Beautiful, albeit a bit generic in terms of stations and NPC's. The different space locals are quite impressive, be it near a sun where you can see the Solar gunk being ejected from the surface, or destroyed planets and moons, all make for different regions in space, and does not make it feel like you are in empty space all of the time.
Make sure your rig is sufficient to crank up anti aliasing or you'll be in jaggy town deluxe due to many structures popping up in the emptyness of space. Allot of outlines and silhouettes, so aliasing becomes a necessity. I run the game on full ultra settings with 4x anti aliasing and SSAO set to low. A trick I found to most games and this one in particular is that if you turn AA up turn AF down or off. Do this through your card settings and set the game to control af settings as it has none. This increases performance in many games at the expense of sharper textures which is sort of fixed by increasing AA in itself.
But yeah the ships look fabulous, and new ones have been added since release, so thats a positive thing. Theres rows of traffic near stations, queues to get onto the interstellar highways. Combat feels good, with pretty explosions and effects. Not an amazing array of different weapon types like some games but enough to keep it fresh looking.

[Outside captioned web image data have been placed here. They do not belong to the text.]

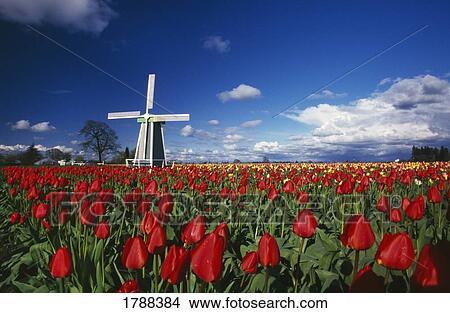 Tulip field with windmill View Large Photo Image Picture - Tulip field with windmill. Fotosearch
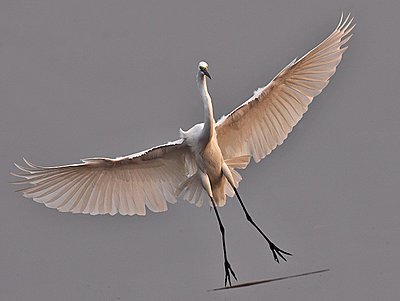 Post Your Photos (and lens/processing info)-little-egret.jpg
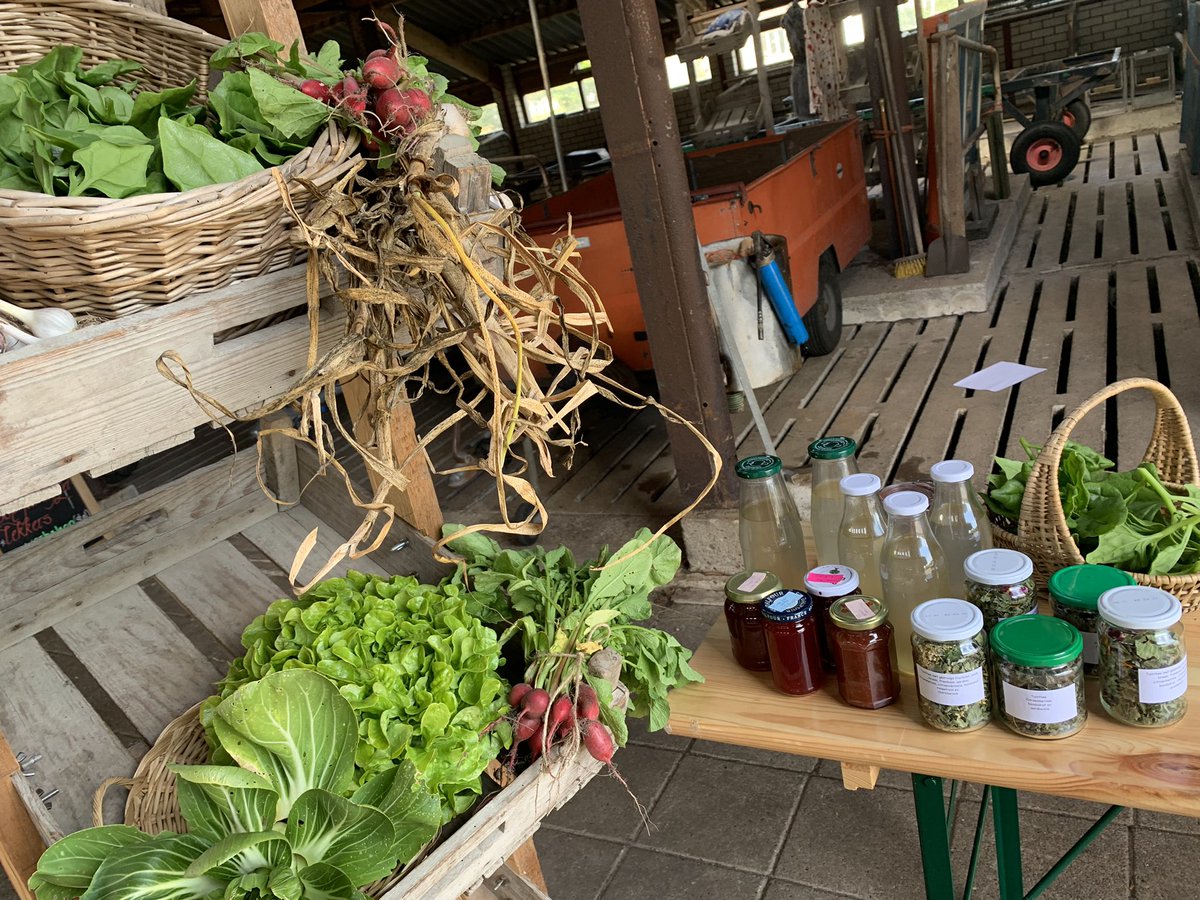 dorinevdbeukel's tweet photo. De groentewinkel van de #dorpstuin #Heeg op Lytshuzen is weer open! Heerlijke verse groente te koop met gratis geweldige wolkenlucht https://t.co/8Hi3VDpkJZ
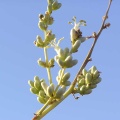 Baja (California)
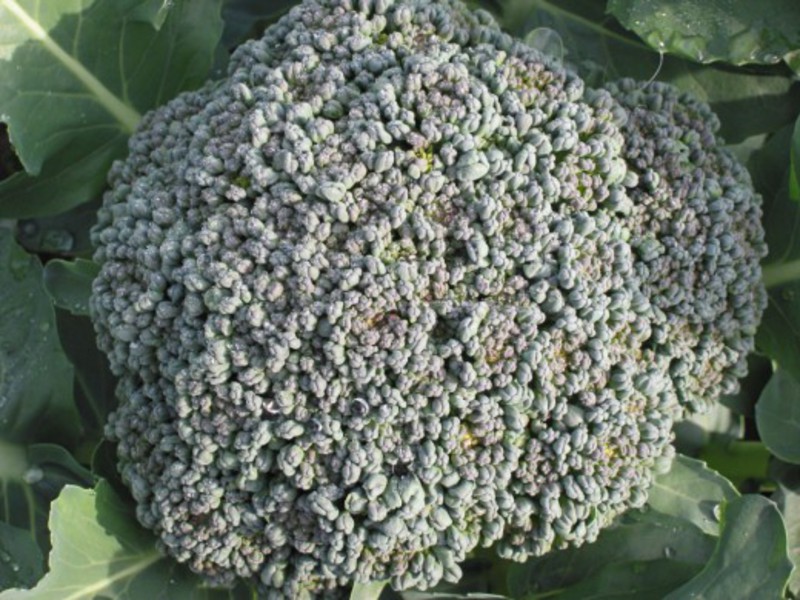 Cultivarea broccoli cu propriile mâini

What this game attempts and somewhat pulls off is commendable. This game does combat and battles well, but that's not what it is. Information is so valuable in this game. You find yourself pulling up in a sector, looking at the radar and analysing ships and cargo, what they're carrying, which faction they belong too, what class ships are accompanying, what kind of armament they are sporting etc.. Either just to get a trade or power picture or sussing out who's carrying a juicy payload worth robbing. All through your ships onboard computer. It generally touches base with everything you'd want in an open universe exploration game with an almost limitless scope, and now it seems in this stage to be in a working state. If you like these sort of games, wait for the next sale and buy it with no second thoughts.